Monday, March 30, 2015

From Soup To Summer



Panda Express must be putting these fortunes in everyone’s cookie because the service at the Tuscaloosa Panda Express is beyond heinous right now.  Last time I was there over 20 minutes.  This time, it took extra time for vegetable and when I pulled up to the window during lunch, I was read a list of options I could choose from because the kitchen was behind.  Because they were out of my normal, I had to get something I usually don’t and found out later that teriyaki chicken and vegetables is over 700 calories.  I was NOT happy.  So, I don’t think I’ll be rewarded for patience anytime soon.  I can’t believe it’s almost April y’all.  It never ceases to amaze me how quickly time seems to move.  I worked so hard last week and played pretty closely to my new set of rules (a wedding on Saturday got a bit sketchy but I did OK) and actually managed to lose almost a pound, even after the calorie debacle of New Orleans.  That means I have lost a total of 18 pounds since January 5th. The holiday weight is gone! I’ve also lost 12.4 inches.  I was definitely surprised I lost but I’ll take it.  I’m hoping it doesn’t have a delayed come back.  I’ve got another wedding to fight through this weekend but other than that, it should be smooth sailing.  I have 19.7 pounds to lose still to get below my lowest weight.  Again, I don’t think my birthday deadline is looking realistic but I’m just going to keep on plugging away.




If you follow this blog every week, first of all, thank you.  Second of all, I know you’re probably tired of seeing cauliflower.  No worries, I’m a bit sick of it myself so this will be the last cauliflower recipe you see for a bit though I am certain it will return at some point.
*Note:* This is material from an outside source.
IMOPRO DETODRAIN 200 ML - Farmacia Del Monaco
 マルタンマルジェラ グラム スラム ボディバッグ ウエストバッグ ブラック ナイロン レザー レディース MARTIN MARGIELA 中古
I know that it’s starting to warm up but since it’s supposed to rain all week here and it’s going to be chilly at night, I thought it would be OK to show one more soup recipe before summer starts.  For those out there who are staunchly against cauliflower, your brain probably wouldn’t let you enjoy this recipe but I hope you trust that I wouldn’t steer you wrong.  Cauliflower soaks up flavor so when it’s pureed and mixed with tons of potent ingredients, I promise you will feel more comfortable about eating it.  You’ll need a food processor for this because basically, you dump all of the ingredients in it then heat the soup up.  All you need to do is combine cauliflower (about two cups) with onion, artichoke hearts, sun dried tomatoes (both of the two previous ingredients are jarred and soaked in olive oil), mushrooms, chicken broth (about a cup) in the processor until it’s smooth and resembles potato soup.  Then, you heat it up.  You can heat it on the stove top but I just used the microwave.  The best part is the garnish.  I put the soup in a bowl, added fajita chicken strips, a crumbled piece of fried bacon and a couple splashes of hot sauce to the top.  The soup was filling (because you can eat all of it) and it’s bursting with lots of yummy flavors.  If you have one more cold snap where you are, give it a shot.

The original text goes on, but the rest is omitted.